#United States #Minneapolis #FDA Clearance #Arcuro Medical #SuperBall-RC

Arcuro Medical's Latest Innovation: The SuperBall-RC™ System

Arcuro Medical Ltd., a leader in the development of minimally invasive orthopedic solutions, has recently announced that it has received FDA 510(k) clearance for its SuperBall-RC™ product. This innovative system is specifically designed for rotator cuff repair, a common procedure where patients often face re-tear rates as high as 20-40%, particularly in those over the age of 50. Such statistics highlight the critical need for improved surgical solutions in this area.

The SuperBall-RC™ is built upon Arcuro's established SuperBall technology platform, which has demonstrated success in over 5,000 meniscus repair procedures. The technology effectively addresses the complexities associated with rotator cuff augmentation, particularly when using biologic or biosynthetic grafts. Traditional surgical techniques can be technically demanding, creating a gap that this new instrument aims to fill.

Dr. Philip Davidson, the Medical Director at Arcuro, has praised the SuperBall-RC™ for its ability to enable safe and straightforward fixation of augmentation grafts, noting, "The device has exceeded my expectations and offers a very attractive alternative to fixate augmentation patches and enhance healing." This statement reflects the hope and optimism surrounding the new system's potential impact on surgical outcomes.

Jamal Rushdy, Arcuro's CEO, expressed enthusiasm for this significant regulatory achievement, emphasizing the importance of this milestone for the company. He commended the efforts of the product development and regulatory teams, stating, "We are thrilled to have received this regulatory clearance, which will enable surgeons to improve rotator cuff repair outcomes for their patients." With the SuperBall-RC™ poised to enter a limited user release in the second quarter of 2025, there is a palpable sense of excitement regarding its imminent market debut.

The initial phase of release is a strategic move as Arcuro anticipates full launch in the latter half of 2025, ahead of schedule, thanks to the timely approval from the FDA. The company plans to showcase the SuperBall-RC™ further at prominent upcoming events, including the Canaccord Genuity Musculoskeletal Conference in San Diego and the LSI Emerging MedTech Summit in Dana Point.

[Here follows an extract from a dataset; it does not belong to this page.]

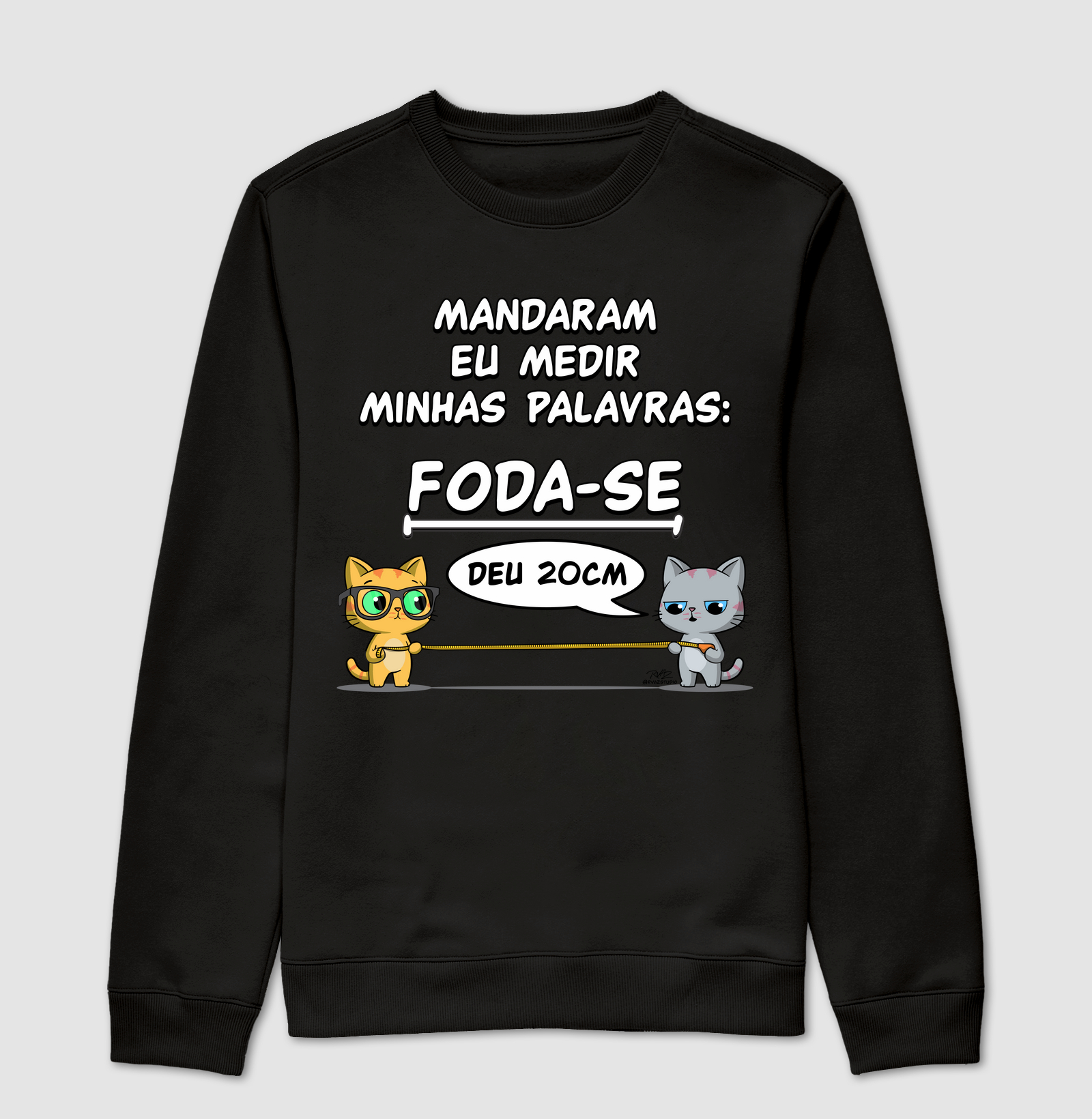 Camiseta Gato Sincero Medir Palavras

Arcuro Medical, headquartered in Israel with operations in both Minneapolis, Minnesota and Naples, Florida, is backed by The Trendlines Group and has an experienced team with over 40 years in the medical device sector. This background equips them to continue innovating within the field of sports medicine, ultimately striving to enhance the quality of life for patients.

As they expand their distribution network to introduce the SuperBall technology to healthcare professionals globally, Arcuro remains committed to developing transformative solutions. For additional details about the SuperBall-RC™ and other innovations by Arcuro Medical, visit their official website at arcuromedical.com.

In summary, the FDA clearance for the SuperBall-RC™ marks a pivotal moment not just for Arcuro Medical but for orthopedic surgery as a whole. By answering the call for more effective and simpler surgical solutions to common problems, they lay the groundwork for better patient outcomes in rotator cuff repair surgeries.